With cash gone, other options also come into play: imposing negative nominal interest rates to disincentivise saving and boost demand in periods of extreme economic distress. The programmable aspects of money could facilitate contractual arrangements, with funds automatically released only when conditions are met by all contracting parties.
Such innovations open up new vistas of how money could improve the functioning of economies and societies. But it is worth reflecting on the darker sides of any new technology.
Cash can be used anonymously and has a stable value (in nominal, not inflation-adjusted terms) relative to an economy’s unit of account, which is usually central bank-issued fiat currency. If units of central bank money with different characteristics were put in circulation, secondary markets for trading them become conceivable. People who prefer to save rather than spend might willingly trade their “programmable” money at a discount.
Money held in CBDC digital wallets may be seen as safer than that in commercial bank deposits. After all, central banks never fail. A flight of money into CBDC wallets could decimate bank deposits and put central banks in the undesirable position of making credit allocation decisions.
These risks can be limited. New cryptographic tools could restrict the use of CBDCs by unverified persons while allowing for privacy in low-value transactions. Capping balances in CBDC digital wallets would reduce the risk of deposit flight from banks. Legislative guardrails could prevent central banks from becoming too closely tied to government operations.

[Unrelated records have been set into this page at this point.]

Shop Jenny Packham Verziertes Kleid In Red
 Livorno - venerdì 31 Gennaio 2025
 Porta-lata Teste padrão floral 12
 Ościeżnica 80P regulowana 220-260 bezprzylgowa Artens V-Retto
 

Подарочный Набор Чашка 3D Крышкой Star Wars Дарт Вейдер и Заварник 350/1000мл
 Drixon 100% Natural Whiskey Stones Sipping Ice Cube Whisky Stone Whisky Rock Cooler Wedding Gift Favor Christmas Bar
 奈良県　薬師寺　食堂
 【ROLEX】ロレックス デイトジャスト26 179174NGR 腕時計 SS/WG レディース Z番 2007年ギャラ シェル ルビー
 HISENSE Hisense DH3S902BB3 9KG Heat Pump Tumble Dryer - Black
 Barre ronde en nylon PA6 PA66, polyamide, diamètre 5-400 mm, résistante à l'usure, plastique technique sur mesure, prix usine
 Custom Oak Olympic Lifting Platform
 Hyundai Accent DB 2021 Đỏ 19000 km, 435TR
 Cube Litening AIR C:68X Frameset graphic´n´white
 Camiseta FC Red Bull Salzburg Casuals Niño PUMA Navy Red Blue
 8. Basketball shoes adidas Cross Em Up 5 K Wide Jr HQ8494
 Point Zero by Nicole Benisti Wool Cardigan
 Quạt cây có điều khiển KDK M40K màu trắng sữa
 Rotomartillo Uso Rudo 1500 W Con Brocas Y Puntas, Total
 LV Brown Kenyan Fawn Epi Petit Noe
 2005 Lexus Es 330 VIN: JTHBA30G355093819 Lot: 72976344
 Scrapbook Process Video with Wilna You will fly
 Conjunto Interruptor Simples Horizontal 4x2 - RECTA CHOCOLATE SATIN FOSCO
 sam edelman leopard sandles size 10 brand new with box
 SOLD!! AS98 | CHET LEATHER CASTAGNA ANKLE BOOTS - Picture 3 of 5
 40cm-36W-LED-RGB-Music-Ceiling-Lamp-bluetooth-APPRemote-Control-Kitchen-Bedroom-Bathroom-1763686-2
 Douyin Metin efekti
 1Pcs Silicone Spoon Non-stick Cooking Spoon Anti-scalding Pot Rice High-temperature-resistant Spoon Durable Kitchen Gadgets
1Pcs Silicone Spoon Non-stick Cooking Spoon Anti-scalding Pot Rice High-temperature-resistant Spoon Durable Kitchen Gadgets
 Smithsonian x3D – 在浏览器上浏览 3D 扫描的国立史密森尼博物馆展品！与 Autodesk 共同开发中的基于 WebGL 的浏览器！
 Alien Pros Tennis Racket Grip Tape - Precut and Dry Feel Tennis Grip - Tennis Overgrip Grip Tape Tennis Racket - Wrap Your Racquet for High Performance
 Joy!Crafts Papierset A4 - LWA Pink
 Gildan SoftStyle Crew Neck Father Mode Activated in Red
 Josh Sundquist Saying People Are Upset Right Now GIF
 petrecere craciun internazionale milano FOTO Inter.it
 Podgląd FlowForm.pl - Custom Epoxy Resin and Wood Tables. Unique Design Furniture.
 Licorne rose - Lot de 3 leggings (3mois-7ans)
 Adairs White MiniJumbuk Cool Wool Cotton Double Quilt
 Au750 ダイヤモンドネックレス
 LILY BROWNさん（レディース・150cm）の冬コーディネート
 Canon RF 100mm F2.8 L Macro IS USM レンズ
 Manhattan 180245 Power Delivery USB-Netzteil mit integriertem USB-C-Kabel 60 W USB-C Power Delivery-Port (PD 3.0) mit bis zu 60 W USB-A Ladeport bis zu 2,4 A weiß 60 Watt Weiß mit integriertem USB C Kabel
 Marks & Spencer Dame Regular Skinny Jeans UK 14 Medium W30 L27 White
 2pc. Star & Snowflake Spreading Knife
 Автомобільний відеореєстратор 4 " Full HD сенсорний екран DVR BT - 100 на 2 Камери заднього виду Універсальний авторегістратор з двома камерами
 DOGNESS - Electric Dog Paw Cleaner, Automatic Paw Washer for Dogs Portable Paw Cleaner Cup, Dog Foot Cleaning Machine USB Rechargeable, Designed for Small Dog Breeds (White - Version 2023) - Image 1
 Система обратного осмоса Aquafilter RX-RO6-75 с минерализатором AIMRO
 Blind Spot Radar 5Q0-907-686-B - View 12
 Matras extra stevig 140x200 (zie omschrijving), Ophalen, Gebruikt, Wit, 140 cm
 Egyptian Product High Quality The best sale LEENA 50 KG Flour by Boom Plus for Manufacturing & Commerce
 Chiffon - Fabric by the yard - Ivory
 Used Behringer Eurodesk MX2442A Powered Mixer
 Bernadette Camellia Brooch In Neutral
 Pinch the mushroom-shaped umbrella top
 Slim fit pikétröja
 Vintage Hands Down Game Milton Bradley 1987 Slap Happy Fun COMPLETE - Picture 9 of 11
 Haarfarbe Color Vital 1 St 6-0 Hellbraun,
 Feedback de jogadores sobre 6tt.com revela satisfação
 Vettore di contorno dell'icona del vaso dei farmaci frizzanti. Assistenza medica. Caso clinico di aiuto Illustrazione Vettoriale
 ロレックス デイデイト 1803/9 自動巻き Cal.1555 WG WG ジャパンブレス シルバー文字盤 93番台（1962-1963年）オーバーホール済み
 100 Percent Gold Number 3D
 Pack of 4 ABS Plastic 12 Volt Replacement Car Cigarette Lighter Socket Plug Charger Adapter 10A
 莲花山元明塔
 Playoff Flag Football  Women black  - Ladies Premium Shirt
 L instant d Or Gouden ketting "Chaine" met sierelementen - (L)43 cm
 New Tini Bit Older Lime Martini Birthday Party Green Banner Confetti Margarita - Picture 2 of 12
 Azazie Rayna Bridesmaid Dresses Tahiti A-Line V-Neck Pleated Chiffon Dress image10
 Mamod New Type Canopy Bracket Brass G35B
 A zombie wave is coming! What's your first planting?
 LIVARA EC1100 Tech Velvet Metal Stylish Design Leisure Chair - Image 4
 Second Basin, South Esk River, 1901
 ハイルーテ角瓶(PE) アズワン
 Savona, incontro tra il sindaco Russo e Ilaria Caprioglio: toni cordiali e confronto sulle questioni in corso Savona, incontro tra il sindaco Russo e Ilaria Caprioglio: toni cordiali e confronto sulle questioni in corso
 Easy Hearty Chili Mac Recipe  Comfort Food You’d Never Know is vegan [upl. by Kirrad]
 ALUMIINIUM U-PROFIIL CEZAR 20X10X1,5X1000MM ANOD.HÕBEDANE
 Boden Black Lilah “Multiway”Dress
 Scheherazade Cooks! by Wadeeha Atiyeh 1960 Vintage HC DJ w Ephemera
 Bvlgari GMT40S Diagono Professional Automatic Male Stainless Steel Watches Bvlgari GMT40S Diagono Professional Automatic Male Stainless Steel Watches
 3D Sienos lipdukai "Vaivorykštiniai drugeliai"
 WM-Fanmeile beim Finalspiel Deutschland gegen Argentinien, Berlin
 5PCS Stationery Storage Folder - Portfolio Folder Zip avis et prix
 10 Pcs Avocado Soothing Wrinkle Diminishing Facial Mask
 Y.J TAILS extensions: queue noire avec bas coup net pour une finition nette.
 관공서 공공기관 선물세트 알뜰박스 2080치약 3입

Still, innovations in money do pose subtle risks. Central banks could be viewed as political agents if their visibility into payment transactions is used for law enforcement or surveillance purposes. “Helicopter drops” of money by the government into CBDC digital wallets are fiscal operations but in the public mind would become associated with central banks, causing these institutions to be seen as instruments of fiscal policy. In times of financial panic, caps on CBDC digital wallet balances could prove difficult to sustain, causing central banks to displace commercial ones as the main repository of an economy’s savings.
What’s worse, authoritarian or even ostensibly benevolent governments could consider central bank money as a means to achieve their social objectives. They could prohibit its use for purchases of ammunition, illegal drugs, pornography, or for services such as abortions.
Central banks already face threats to their independence, credibility and legitimacy. The more extensive the functionality of the money they issue, the greater the political pressures they will be exposed to. At a minimum, such innovations pose risks to the integrity of central bank money.
It would be a sad irony if digitising central bank money to maintain its relevance undermines the very features that make it trustworthy. While they have little choice, central banks may well come to rue the day they embarked on upgrading their retail money.